> EXERCISE AIM
All entries must be repeated exactly; do not include the pictures.

+++ RECORDS FOR THIS TASK +++

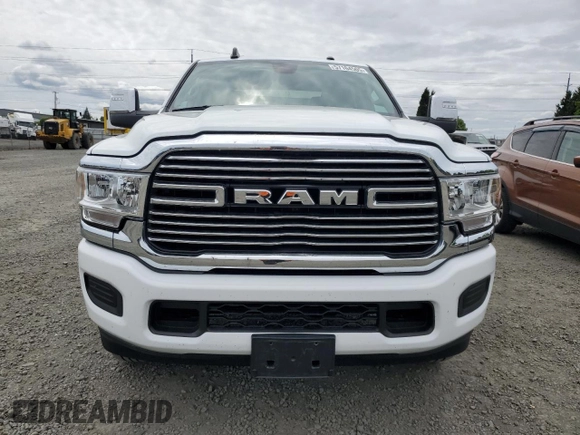 2023 Ram 2500 Laramie with VIN 3C6UR5FJ1PG634158, listed as a Copart auction lot 57164505 with 18,279 mi miles and Salvage title. Bid and sale history available at DreamBid. Image 5.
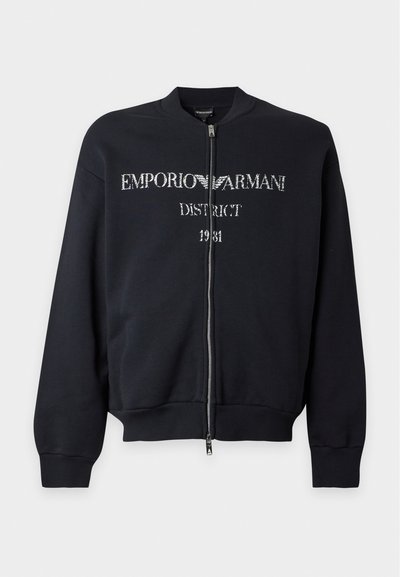 Blouson bomber noir zippé avec poignets et ourlet côtelés, avec texte et logo blanc délavé Emporio Armani District 1981 sur le devant.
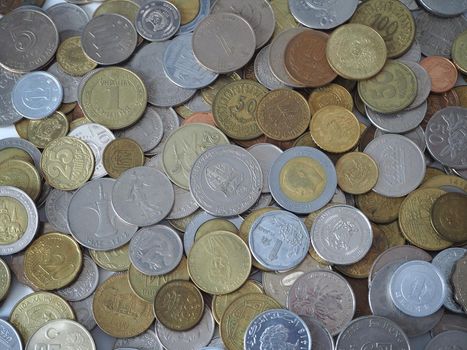 A collection of coins from different countries. Close-up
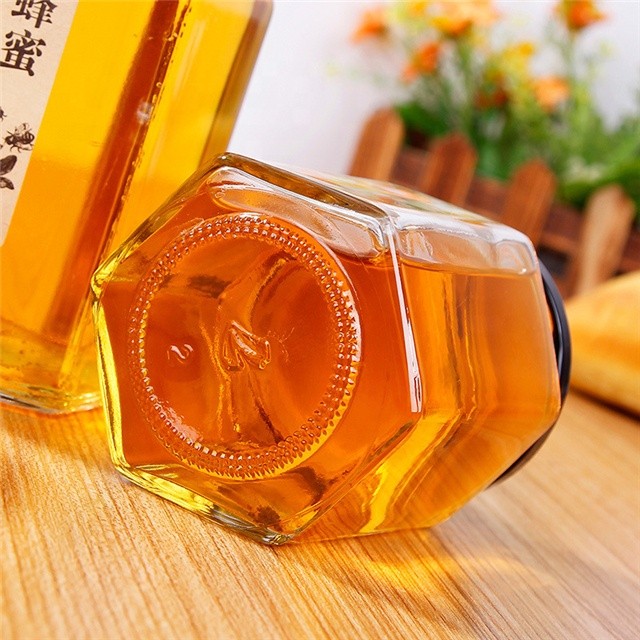 Hot sale empty small to large glass honey jar new design honey packing hexaganal storage jar for sale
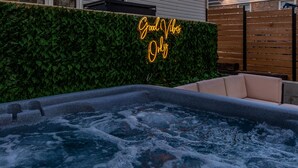 A hot tub with a neon sign reading "Good Vibes Only" in a backyard setting.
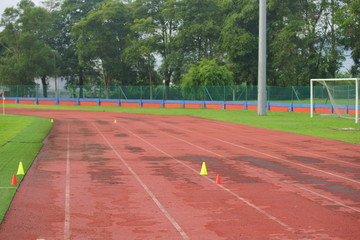 Artificial track and field with green grass combined with artificial grass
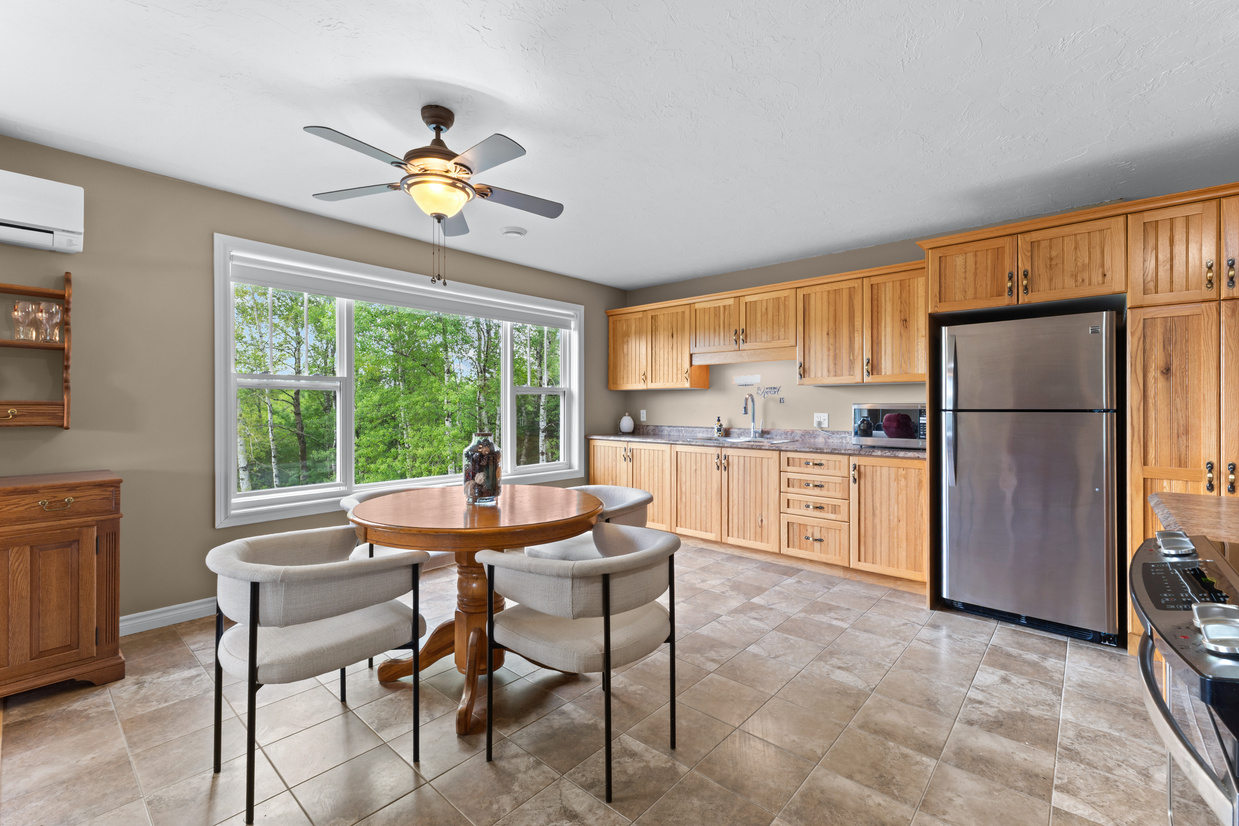 Open-concept apartment with kitchen island and living area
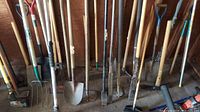 Wide view showing a collection of yard tools arranged against a wooden wall featuring shovels, forks, pickaxes, and sledgehammer.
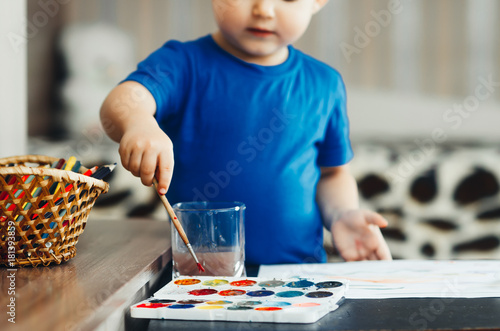 Foto the baby in the nursery, with enthusiasm draws paints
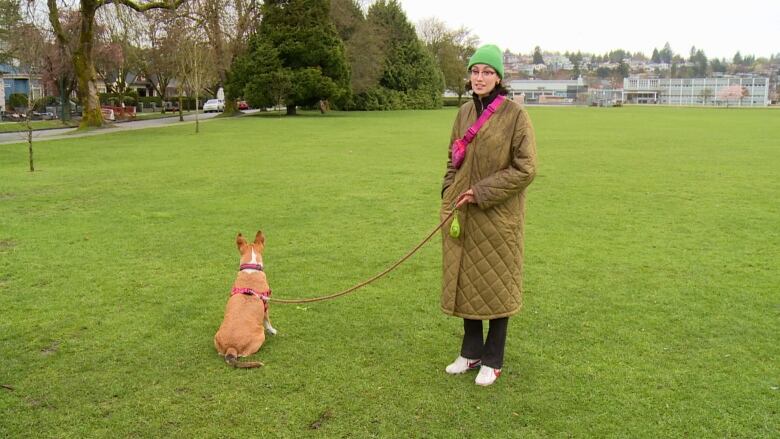 A woman with a toque on and wearing a long winter coat, looks one way, while a ginger-coloured dog on a lease looks the other at a park in Vancouver.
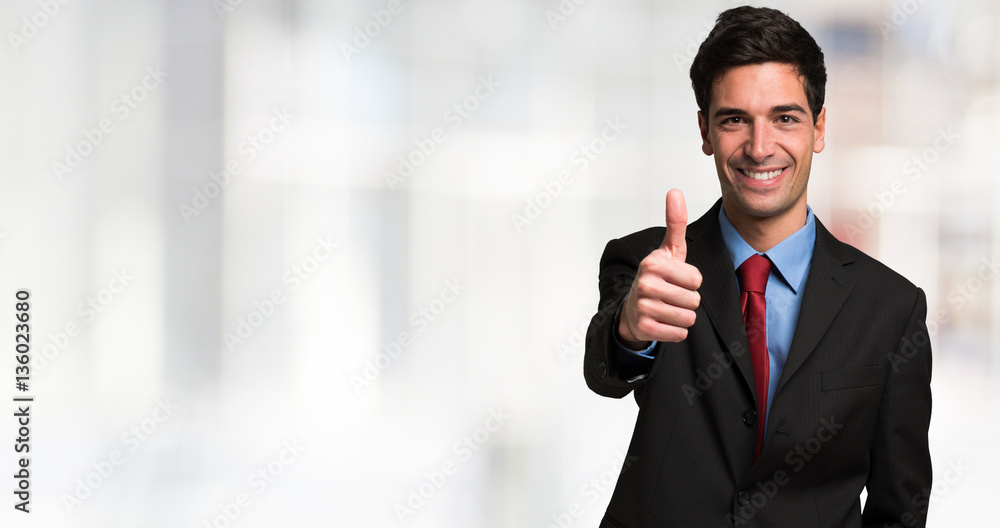 Businessman giving thumbs up. Large bright blurred copy-space Businessman giving thumbs up. Large bright blurred copy-space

+++

> ANSWER AREA
 2023 Ram 2500 Laramie with VIN 3C6UR5FJ1PG634158, listed as a Copart auction lot 57164505 with 18,279 mi miles and Salvage title. Bid and sale history available at DreamBid. Image 5.
 Blouson bomber noir zippé avec poignets et ourlet côtelés, avec texte et logo blanc délavé Emporio Armani District 1981 sur le devant.
 A collection of coins from different countries. Close-up
 Hot sale empty small to large glass honey jar new design honey packing hexaganal storage jar for sale
 A hot tub with a neon sign reading "Good Vibes Only" in a backyard setting.
 Artificial track and field with green grass combined with artificial grass
 Open-concept apartment with kitchen island and living area
 Wide view showing a collection of yard tools arranged against a wooden wall featuring shovels, forks, pickaxes, and sledgehammer.
 Foto the baby in the nursery, with enthusiasm draws paints
 A woman with a toque on and wearing a long winter coat, looks one way, while a ginger-coloured dog on a lease looks the other at a park in Vancouver.
 Businessman giving thumbs up. Large bright blurred copy-space Businessman giving thumbs up. Large bright blurred copy-space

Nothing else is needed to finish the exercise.